In truth, some of this new demand may take years to evolve to significance but the trend is nonetheless bullish for the long term. Supply and demand rebalance is in the early innings.

In 2011, Mr. Sala and I co-authored a commentary on the value of gold relative to other commodities. Our lead example was the ageless gold-to-silver ratio (GSR), an ancient traders’ way of communicating how much silver for so much gold. Today, the GSR is simply the currency-denominated price of gold divided by the price of silver. The resulting ratio removes currency from value comparison. For the case of gold and silver which typically share the same scale, the ratio also removes the unit of weight measurement (e.g. troy ounce or grams). A gold-to-silver ratio of 50-to-1 represents the same relative value to a precious metal trader in the Western world (U.S. dollars per troy ounce) as to a trader in India (Indian rupees per gram).

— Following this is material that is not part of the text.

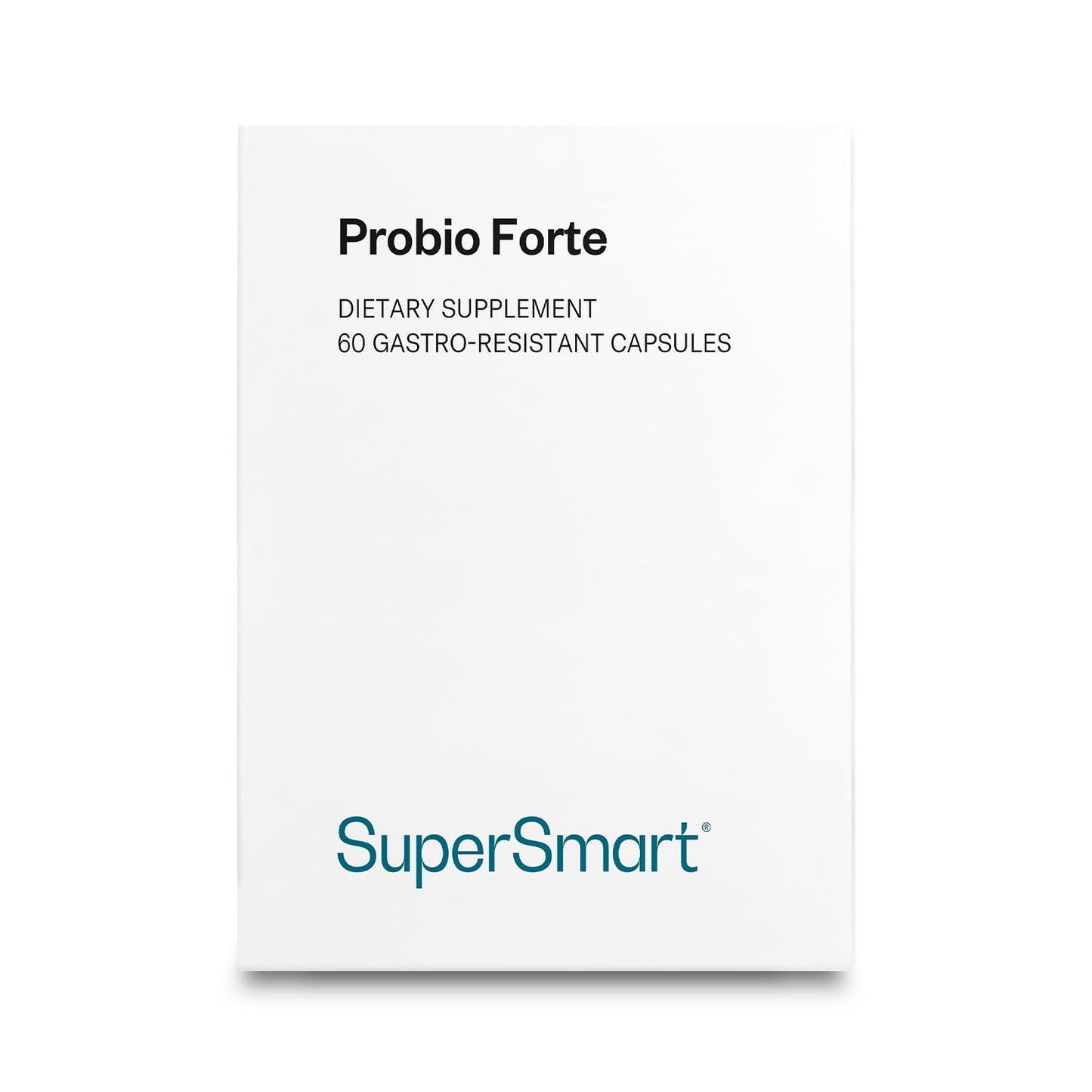 Supersmart Probio Forte 8 Billion CFU per Capsule (Advanced Formula) Daily Probiotics Supplement for Women & Men, Non-GMO & Gluten-Free, 60 Capsules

In the days of the Roman Empire the ratio was set at 12 to 1. The U.S. fixed the ratio at 15 to 1 in 1792 and France soon followed at 15.5 to 1 in 1803. A higher ratio means more ounces of silver for an ounce of gold. Silver slowly lost value to gold over the ages as monetary use and fixes declined. The 20th century average was 47 and the current 10-year average is 62.

As shown in the second chart, this value loss accelerated after the 2011 silver run at $49 per troy ounce. That April the GSR plunged to 31, half the 10-year average. By late-December, the GSR rose to an elevated 76. This caused me to wonder if the widening value spread between the two metals was sustainable.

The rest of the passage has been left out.